Tysor v. Adams

116 Va. 239 | Va. | 1914

Harrison, J.,

delivered the opinion of the court.

The hill in this case was filed at the November rules, 1911, of the Circuit Court of the city of Norfolk, alleging that a certain deed executed June 13, 1911, by the appellee, Charles E. Adams, to the appellants, L. W. Tysor *240and Hattie V. Tysor, Ms wife, conveying to the latter a certain house and lot, was executed through persuasion and blandishment, the complainant being an old man and not able to take care of himself, and that the consideration for the deed had wholly failed. The prayer of the bül was that the deed be declared null and void, and the grantees enjoined from interfering with the complainant’s possession of the premises.

The record shows that the appellee, Charles E. Adams, was a retired seafaring man, old and infirm, who owned a small house and lot in the city of Norfolk for which he had paid $1,300. This property was rented from him by the appellants, L. W. Tysor and Hattie V. Tysor, his wife. These tenants were practically strangers to Adams, the property having been rented to them through an agent. In the latter' part of May, 1911, Adams, the appellee, was sick and boarding with Mrs. Frank. There he was called upon by Mrs. Tysor, his tenant, who, although a stranger, succeeded in persuading the appellee to leave Mrs. Frank’s and go to his own house and live with her. In a few days after appellee took up his abode with Mr. and Mrs. Tysor, he executed the deed in question, dated June 13, 1911, conveying to them jointly his house and lot in which they were living. The consideration stated on the face of the deed was “Five dollars and other valuable consideration,” but in a few days thereafter a paper was executed by L. W. Tysor showing that the real consideration was that the grantees would allow the grantor to make the house his home as long as he lived without charge for board, and that they would take good care of him in case of sickness, and in the event of death see that he was buried properly.
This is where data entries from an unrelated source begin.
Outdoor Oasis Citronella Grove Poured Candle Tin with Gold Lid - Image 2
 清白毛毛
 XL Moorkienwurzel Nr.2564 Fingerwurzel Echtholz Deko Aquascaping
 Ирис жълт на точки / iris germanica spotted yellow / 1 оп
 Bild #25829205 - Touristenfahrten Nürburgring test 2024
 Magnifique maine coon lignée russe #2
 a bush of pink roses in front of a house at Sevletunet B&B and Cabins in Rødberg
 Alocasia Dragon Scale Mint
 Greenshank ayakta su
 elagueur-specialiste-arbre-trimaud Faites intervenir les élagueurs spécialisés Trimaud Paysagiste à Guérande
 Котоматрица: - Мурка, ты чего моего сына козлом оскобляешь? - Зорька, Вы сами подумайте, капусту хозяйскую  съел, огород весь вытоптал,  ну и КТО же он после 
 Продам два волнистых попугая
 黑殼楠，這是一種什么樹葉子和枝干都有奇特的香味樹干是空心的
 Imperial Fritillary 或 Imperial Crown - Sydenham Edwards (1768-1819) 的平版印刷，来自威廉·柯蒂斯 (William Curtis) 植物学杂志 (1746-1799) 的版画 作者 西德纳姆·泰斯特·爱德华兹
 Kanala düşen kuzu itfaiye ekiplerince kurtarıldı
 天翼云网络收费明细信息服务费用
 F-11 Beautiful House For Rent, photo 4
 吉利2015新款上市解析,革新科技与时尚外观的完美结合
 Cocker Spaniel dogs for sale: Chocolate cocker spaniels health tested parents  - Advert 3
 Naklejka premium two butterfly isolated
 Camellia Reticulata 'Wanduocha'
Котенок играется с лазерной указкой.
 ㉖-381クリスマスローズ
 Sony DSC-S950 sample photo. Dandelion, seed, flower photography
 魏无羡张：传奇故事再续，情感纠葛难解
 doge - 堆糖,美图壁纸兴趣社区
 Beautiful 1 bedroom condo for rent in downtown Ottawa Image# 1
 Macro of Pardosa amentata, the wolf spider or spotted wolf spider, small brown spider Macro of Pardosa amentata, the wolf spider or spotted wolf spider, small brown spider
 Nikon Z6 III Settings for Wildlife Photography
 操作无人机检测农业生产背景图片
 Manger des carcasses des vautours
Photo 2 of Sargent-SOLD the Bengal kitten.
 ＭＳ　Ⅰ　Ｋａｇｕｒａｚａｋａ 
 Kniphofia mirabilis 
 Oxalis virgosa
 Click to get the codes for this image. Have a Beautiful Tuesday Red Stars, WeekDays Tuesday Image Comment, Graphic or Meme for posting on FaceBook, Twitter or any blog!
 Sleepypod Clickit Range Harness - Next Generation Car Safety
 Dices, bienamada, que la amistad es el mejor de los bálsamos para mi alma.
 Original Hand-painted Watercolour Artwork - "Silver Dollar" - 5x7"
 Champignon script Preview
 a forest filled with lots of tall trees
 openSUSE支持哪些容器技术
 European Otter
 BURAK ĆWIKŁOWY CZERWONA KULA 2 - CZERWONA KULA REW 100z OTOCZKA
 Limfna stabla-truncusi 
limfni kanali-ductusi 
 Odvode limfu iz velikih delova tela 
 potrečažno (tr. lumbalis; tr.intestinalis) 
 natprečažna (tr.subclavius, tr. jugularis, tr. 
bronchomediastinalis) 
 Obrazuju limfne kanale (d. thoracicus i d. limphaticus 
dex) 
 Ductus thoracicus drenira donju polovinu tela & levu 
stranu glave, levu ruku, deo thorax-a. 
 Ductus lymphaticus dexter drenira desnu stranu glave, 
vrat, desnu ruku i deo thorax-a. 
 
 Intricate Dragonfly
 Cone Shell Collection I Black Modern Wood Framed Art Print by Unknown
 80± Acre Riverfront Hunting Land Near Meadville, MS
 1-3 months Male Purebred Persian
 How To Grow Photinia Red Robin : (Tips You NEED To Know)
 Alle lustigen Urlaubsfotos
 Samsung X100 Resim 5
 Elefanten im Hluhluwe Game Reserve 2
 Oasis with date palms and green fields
While the evidence shows that the grantor in this deed was a feeble, guileless old man, without any business experience, it is not sufficient to sustain the contention that *241he was without the requisite capacity to make the deed. We are, however, of opinion that the conditions upon which the deed was executed were broken by the grantees without fault on the part of the grantor. It is impossible, in the light of the evidence in this case, to escape the conclusion that as soon as the deed was executed appellants conceived the idea that they had the grantor in their power, and could deal with him as they pleased. It is shown that within a few days after the deed was executed, the grantees put a deed of trust on the property to secure $200, and that in about three months thereafter they executed a second deed of trust to secure the further sum of $850 thereon. That appellants failed to perform the obligations assumed by them under the deed is fully sustained by the evidence. They, however, claim that appellee refused to permit them to discharge such obligations, but this position is not sustained. The record shows that appellant’s treatment of the appellee changed, practically, with the change in the ownership of the property, and that it was characterized by a degree of harshness, if not cruelty, toward this feeble old man more than sufficient to cause him to abandon their table and keep out of their way. Abuse and threats took the place of the care and kindness that was due from the grantees under the deed. On one occasion the appellant, L. W. Tysor, called the appellee a “thief and a liar,” and told him that he had him where he wanted him, and intended to keep him there, threatening to get rid of him in short order so that he could not bother any one. It is not surprising that with such treatment and threats the appellee should become so terrorized as to make him afraid to remain in the house when L. W. Tysor was there, and to bar his room door at night as a means of protection.

This, in brief, is the unhappy condition that this grant- *242or found himself in after conveying his property to the appellants upon condition that they would take care of him and minister to his comfort during his life.

The record further shows that in less than four months after the deed was made appellants rented a house elsewhere and established themselves in it, and made an effort to rent out the house that had been conveyed to them by the appellee, who continued to occupy a room there alone. Appellants attempt to justify this open abandonment of their contract by the claim that they invited the appellee to go and live with them in their rented home. Whether or not any such invitation was given in good faith is wholly immaterial. Appellee was under no obligation to accept such an invitation. The contract between the parties provided that the appellee was to make the house conveyed by him to the appellants his home with them, and be there supported and cared for by them during his life.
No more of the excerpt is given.